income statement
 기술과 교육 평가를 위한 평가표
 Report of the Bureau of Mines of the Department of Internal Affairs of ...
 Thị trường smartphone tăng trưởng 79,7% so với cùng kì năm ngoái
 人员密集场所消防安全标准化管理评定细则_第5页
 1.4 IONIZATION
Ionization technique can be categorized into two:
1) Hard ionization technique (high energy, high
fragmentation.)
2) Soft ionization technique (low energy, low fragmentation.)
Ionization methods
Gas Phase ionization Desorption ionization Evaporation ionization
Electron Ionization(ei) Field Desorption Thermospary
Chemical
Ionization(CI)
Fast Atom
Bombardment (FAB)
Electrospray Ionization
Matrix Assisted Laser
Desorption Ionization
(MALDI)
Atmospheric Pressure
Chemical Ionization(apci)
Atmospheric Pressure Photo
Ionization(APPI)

Instructions to follow: Write the lines out again exactly, from the one containing "Chemical Ionization(apci)" through the last line of the records, and include no other lines.

Reply:
Chemical Ionization(apci)
Atmospheric Pressure Photo
Ionization(APPI)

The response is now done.